Яндекс.Метрика

Juggler Data Processing Platform

Juggler is a real time stream processing platform designed for building both simple and complex event processing (CEP). Juggler uses Apache Messos, Kafka and T-streams to construct scalable and flexible processing algorithms. Juggler functions on the same principle as Apache Samza, but enables exactly-once processing and provides an integrated solution with a RESTful interface, JavaScript UI and an ad hoc repository for modules, services, streams and other data processing pipeline components.

Juggler's main differentiating feature as compared to other real-time stream processing systems such as Apache Spark Streaming and Apache Flink is that Juggler enables the creation of off-the-shelf generic processing modules that can be used by analysts and not just developers. The ultimate goal of this project is to build a fully declarative real-time stream processing environment in which programming is the exception rather than the rule. Using pre-created modules with flexible functionality, a Juggler user can create a processing sequence of arbitrary complexity, watch it in action and manage it via UI or REST.

Juggler's architecture is designed so that exactly-once processing is performed not only within a single processing block but throughout the entire sequence, starting from the moment stream events are fed the system and up to the moment when the output data is stored to conventional data storage.

The approach based on loosely coupled blocks with exactly-once processing support throughout the entire sequence allows for decomposing data processing in order to provide better modularity, performance management and simplicity in development.

Juggler supports four models of feeding events for processing:

  • no delay; this model dictates that the events be processed immediately after becoming available in the streams;
  • in a time slot where events are grouped into blocks, each a certain amount of seconds long; processing is scheduled based on overlapping or non-overlapping sliding time slots;
  • in a length-based slot where events are grouped into blocks, each a certain number of transactions long; processing is scheduled based on overlapping or non-overlapping sliding time slots;
  • in a real-time slot where events are grouped into blocks, each including transactions in a certain time interval; processing is scheduled based on overlapping or non-overlapping sliding time slots;

Juggler easily integrates with in-memory grid systems, for example, Hazelcast, Apache Ignite.

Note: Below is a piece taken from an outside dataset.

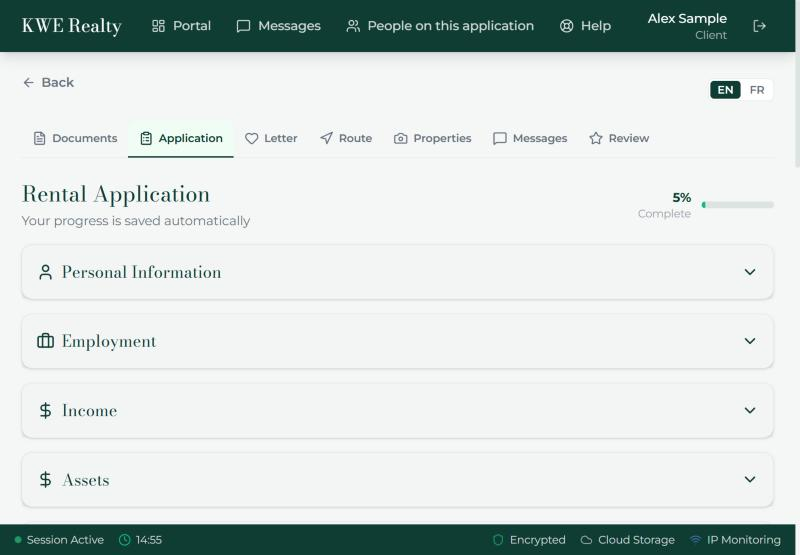 The application form: its sections, the progress bar, and the note that it saves automatically.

The systems is available under Apache License v2. All documentation on the system is available on the product web site.

Following technologies are used in project

  • Frameworks
    • Akka
    • Apache Mesos
    • Angular 2
    • Twitter Bootstrap
  • Data management
    • Apache Kafka
    • Apache Cassandra
    • Apache Zookeeper
    • MongoDB
  • Languages
    • JavaScript
    • Scala
  • Integration
    • SBT
    • Mantl
  • General
    • Git-flow
    • Scrum